Inwestycyjne oferty w tym zakresie to nieruchomości w systemie condo, budowane dla osób, które chcą czerpać zyski z najmu. W takiej formie klient, który partycypuje w kosztach budowy staje się jednocześnie właścicielem pokoju hotelowego, jednocześnie podpisuje z deweloperem umowę, dzięki której ten wynajmuje nieruchomość, a właścicielowi oferuje określony zwrot w określonym czasie. Proponowane stopy zwrotu są wysokie. Wynoszą często nawet 8 – 8,5 proc.
To oferta dla inwestorów, jednak bardzo ciekawie przedstawia się również oferta instytucjonalna po prostu dla zwykłych najemców. Wrocławskim przykładem może być system TBS i nowe nieruchomości budowane w tej formie na osiedlu Leśnica.
- To bardzo ciekawe rozwiązanie, zwłaszcza, że klient dostaje nieruchomość nową, wykończoną pod klucz. Co prawda wnosi opłatę partycypacyjną, ale mimo wszystko – biorąc całościowe koszty, a więc wysokość czynszu, jest to rozwiązanie bardziej opłacalne niż wieloletni wynajem na wolnym rynku. Jest też znacznie tańsze od kupna mieszkania na kredyt. Poza tym oferta tego typu może być atrakcyjna dla ludzi z niższą zdolnością kredytową. Należy jednak również pamiętać o warunkach, oprócz wkładu partycypacyjnego jest też kryterium dochodowe oraz wymóg nieposiadania żadnego innego mieszkania na własność – komentuje Leszek Michniak.

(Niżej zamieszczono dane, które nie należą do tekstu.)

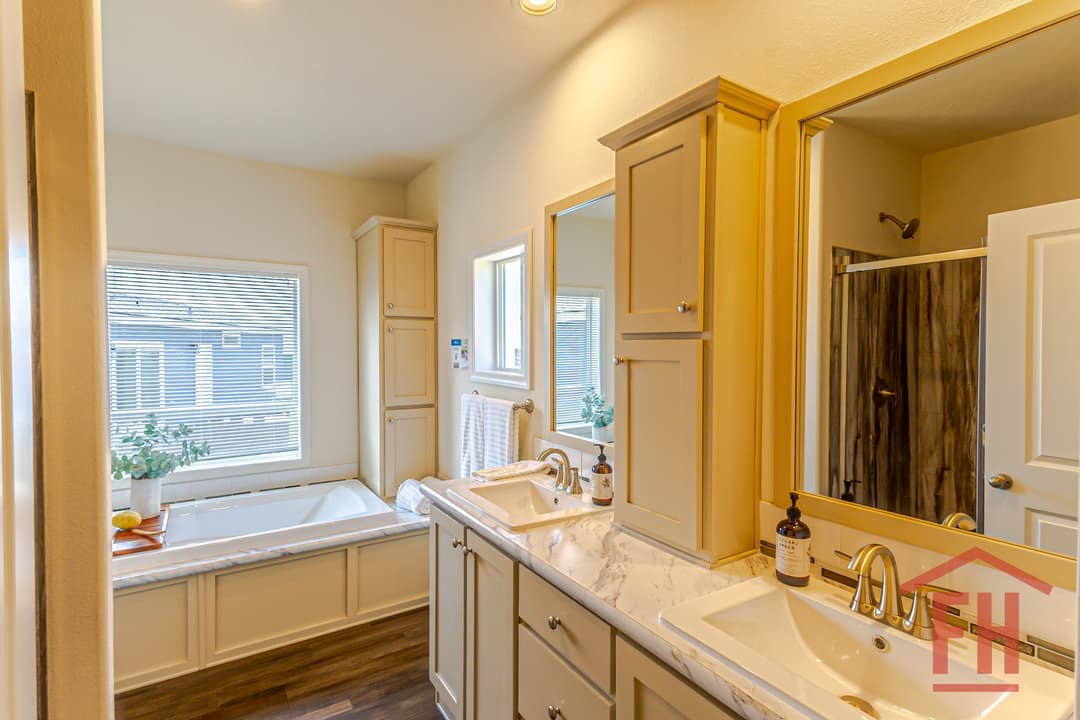 The spruce bathroom home features
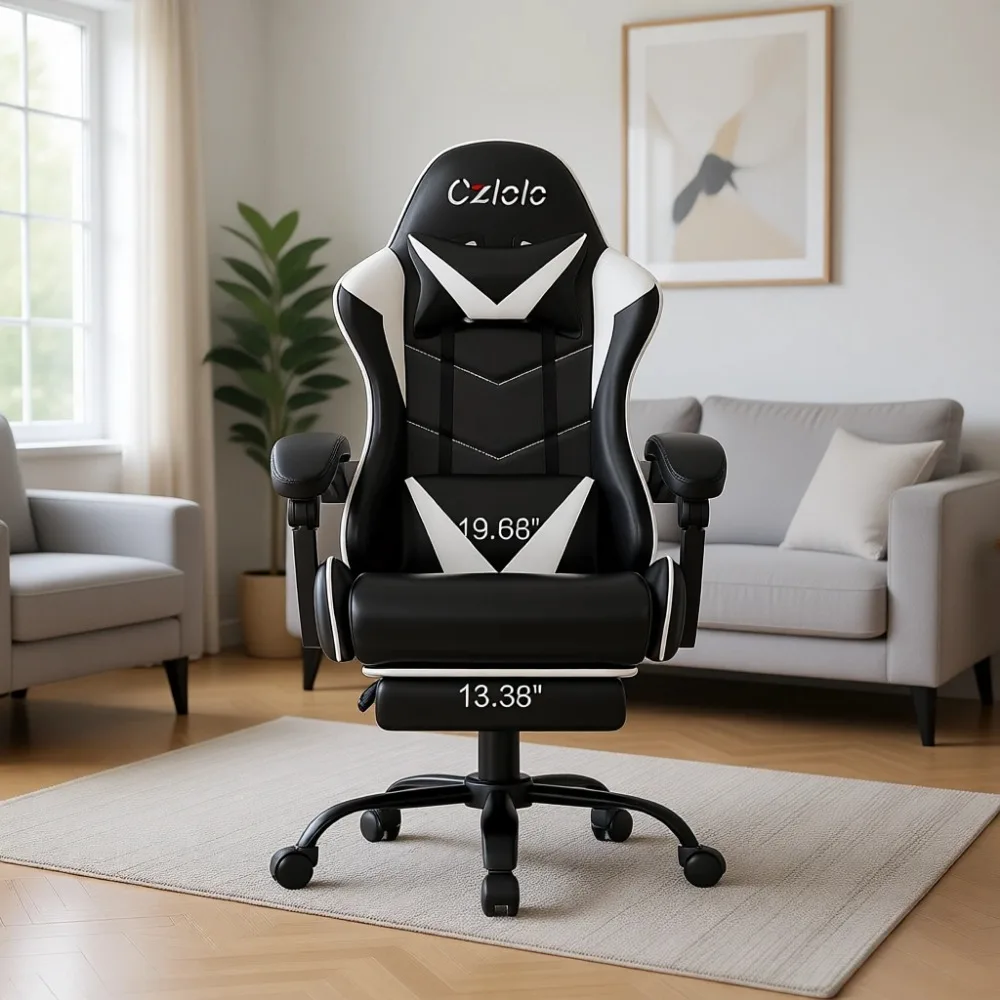 High-back reclining game chair - đánh giá và giá Massage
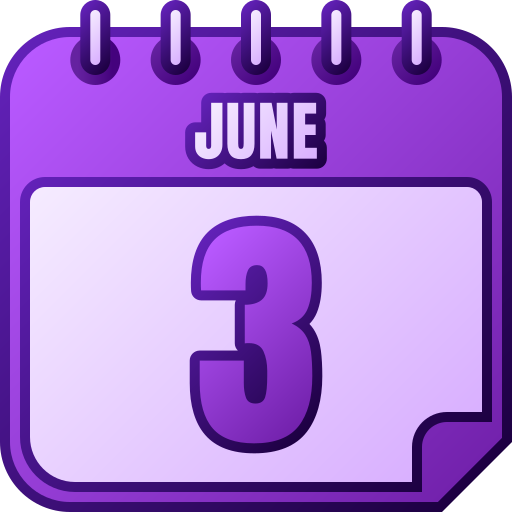 3 de junio icono gratis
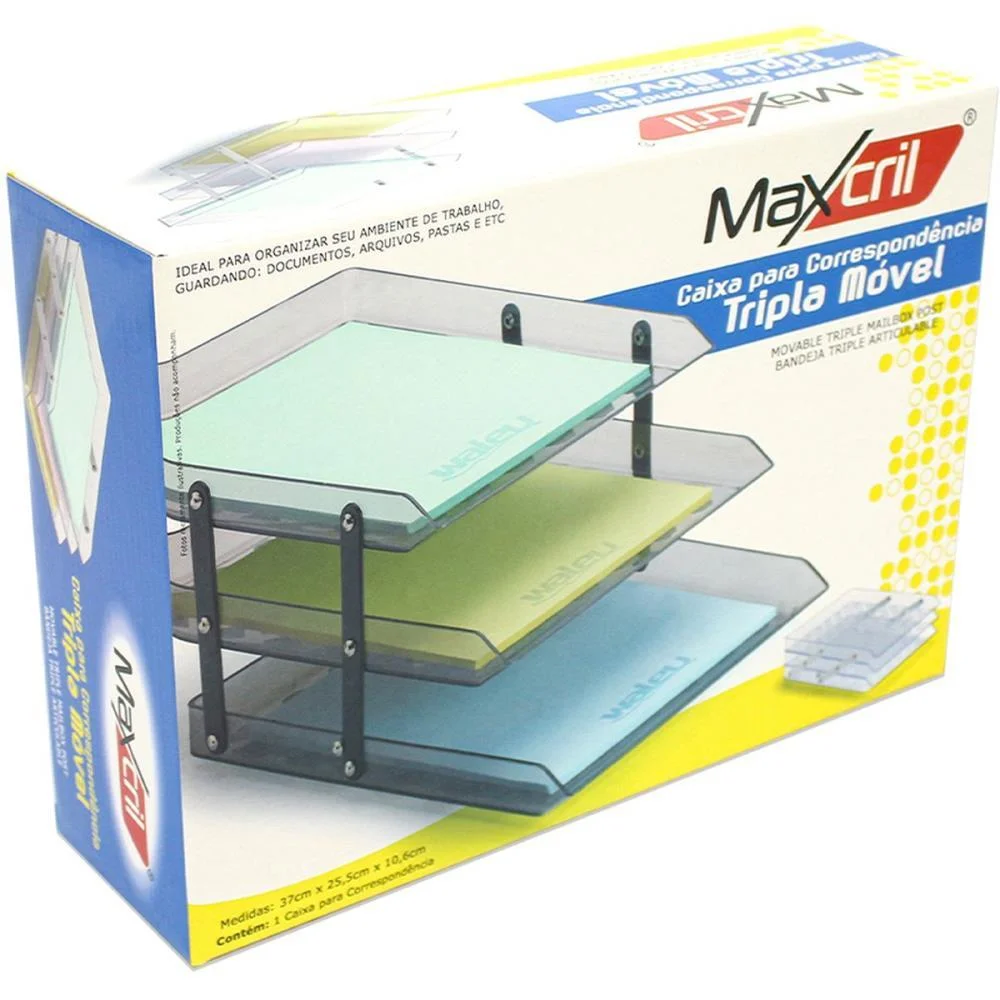 CAIXA CORRESPONDENCIA TRIPLA MOVEL CRISTAL MAXCRIL (UNIDADE) - imagem 5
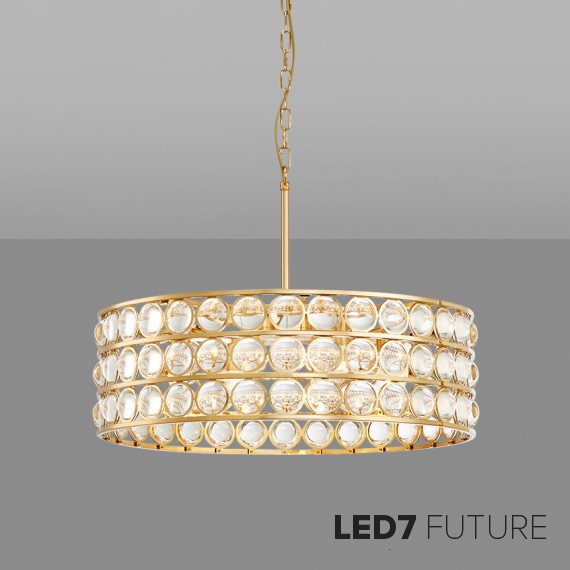 Loft Industry Modern - Beads  Chandelier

Przykładowo: czynsz najmu 51 – metrowego mieszkania pod klucz, w TBS w Leśnicy wynosi 702 zł, co daje 14 zł za metr kwadratowy, a więc o ponad 50 proc. niższą stawkę od rynkowych. Za takie pieniądze, klient staje się „dożywotnio” najemcą mieszkania z balkonem, lub ogródkiem Mieszkanie jest wykończone w standardzie do zamieszkania, na podłogach w kuchni i łazience wykładziny PCV, w pokojach panele lub wykładzina podłogowa.
Wynajem mieszkań we Wrocławiu – perspektywy rynkowe
Wszystko wskazuje na to, że w najbliższych latach utrzyma się wysoka koniunktura na mieszkania na wynajem we Wrocławiu. Zapotrzebowanie będzie duże, generowane nie tylko przez studentów, ale też rosnącą rzeszę pracowników, w tym przybyszów zza wschodniej granicy. Wrocław to jeden z największych ośrodków akademickich i najdynamiczniejszych rynków pracy w naszym kraju. Całościowy obraz jest więc pozytywny. Z inwestycyjnego punktu widzenia, stolica Dolnego Śląska to atrakcyjna lokalizacja na zakup nieruchomości pod wynajem. O sukcesie inwestycyjnym przesądza przede wszystkim cena kupna w relacji do potencjału nieruchomości i możliwego do uzyskania czynszu najmu.